_AIM OF THE TASK_
In the records below, find the line with "Scavenging Ooze - Core" and the line with "2022 FORD F250 SUPER DUTY". Print both exactly, along with every line between them, and no other line.

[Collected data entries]
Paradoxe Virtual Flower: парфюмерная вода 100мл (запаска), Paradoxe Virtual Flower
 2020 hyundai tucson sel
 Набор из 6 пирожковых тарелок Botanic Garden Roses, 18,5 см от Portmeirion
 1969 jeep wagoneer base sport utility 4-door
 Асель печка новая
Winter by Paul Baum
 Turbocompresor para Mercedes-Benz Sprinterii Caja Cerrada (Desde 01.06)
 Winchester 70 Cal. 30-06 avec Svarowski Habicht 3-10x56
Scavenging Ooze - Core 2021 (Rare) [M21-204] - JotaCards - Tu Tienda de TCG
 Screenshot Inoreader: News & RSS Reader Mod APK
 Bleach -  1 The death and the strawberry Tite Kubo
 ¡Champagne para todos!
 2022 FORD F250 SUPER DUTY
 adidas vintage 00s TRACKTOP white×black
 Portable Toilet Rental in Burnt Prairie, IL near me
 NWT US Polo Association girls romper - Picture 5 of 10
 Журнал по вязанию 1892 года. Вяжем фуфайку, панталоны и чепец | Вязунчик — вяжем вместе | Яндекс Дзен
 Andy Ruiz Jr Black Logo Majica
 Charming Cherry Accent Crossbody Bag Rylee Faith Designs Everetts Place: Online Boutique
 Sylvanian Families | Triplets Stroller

_RESULT OF THIS EXERCISE_
Scavenging Ooze - Core 2021 (Rare) [M21-204] - JotaCards - Tu Tienda de TCG
 Screenshot Inoreader: News & RSS Reader Mod APK
 Bleach -  1 The death and the strawberry Tite Kubo
 ¡Champagne para todos!
 2022 FORD F250 SUPER DUTY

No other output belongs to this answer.